Photo: Photo: Randy Mayor

Yield 10 servings (serving size: 2 meatballs and 3 tablespoons sauce)

Ingredients

  • 1 1/2 cups plain nonfat Greek-style yogurt
  • 1 cup shredded seeded cucumber
  • 1/2 teaspoon ground cumin
  • 1/2 teaspoon minced garlic
  • 1/8 teaspoon salt
  • 1/8 teaspoon black pepper
  • 3/4 cup uncooked bulgur
  • 2 cups cold water
  • 1 pound lean ground lamb (20% fat)
  • 1/4 cup minced shallots
  • 1/4 cup minced fresh parsley
  • 3/4 teaspoon salt
  • 1/2 teaspoon ground cumin
  • 1/2 teaspoon ground allspice
  • 1/2 teaspoon ground cinnamon
  • 1/4 teaspoon ground red pepper
  • 1 tablespoon olive oil

Nutrition Information

  • calories 161
  • fat 7.7 g
  • satfat 2.7 g
  • monofat 3.6 g
  • polyfat 0.6 g
  • protein 12.2 g
  • carbohydrate 10.8 g
  • fiber 2.3 g
  • cholesterol 30 mg
  • iron 1.1 mg
  • sodium 248 mg
  • calcium 43 mg

How to Make It

  1. Combine first 6 ingredients; chill.

  2. Combine bulgur and 2 cups water in a medium bowl. Let stand 30 minutes; drain bulgur through a fine sieve, pressing out excess liquid.

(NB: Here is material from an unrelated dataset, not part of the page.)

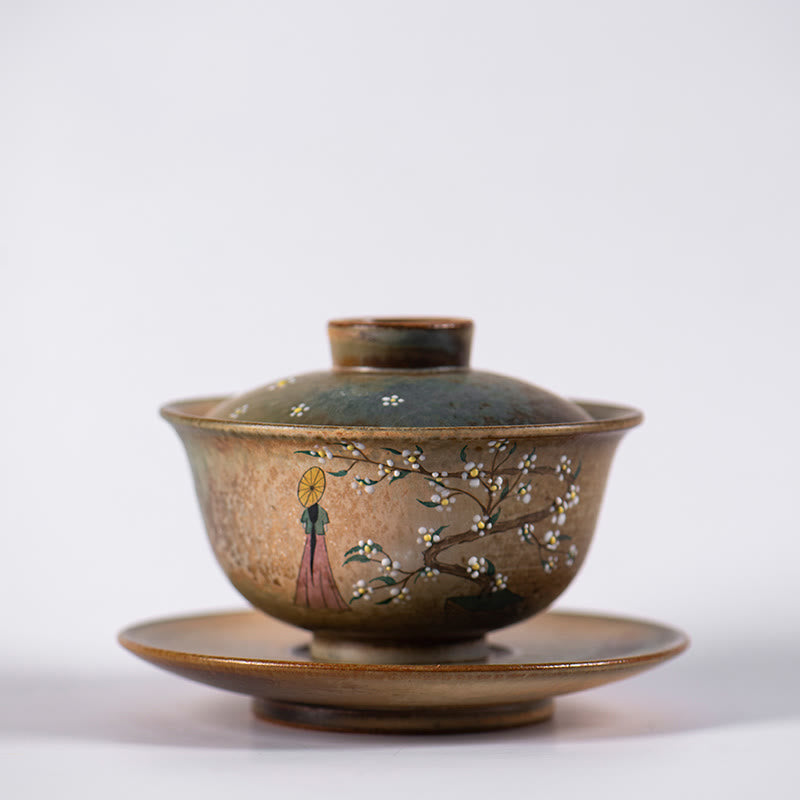 Hanfu Girl Porcelain Gaiwan Tea Cup 150ml Hand-Painted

Combine bulgur, lamb, and next 7 ingredients (through red pepper) in a food processor; process just until smooth. Cover and chill 30 minutes. Form lamb mixture into 20 (2 1/2-inch) football-shaped meatballs.

  3. Heat oil in nonstick skillet over medium-high heat. Add meatballs to pan; cook 12 minutes, browning on all sides. Serve with sauce.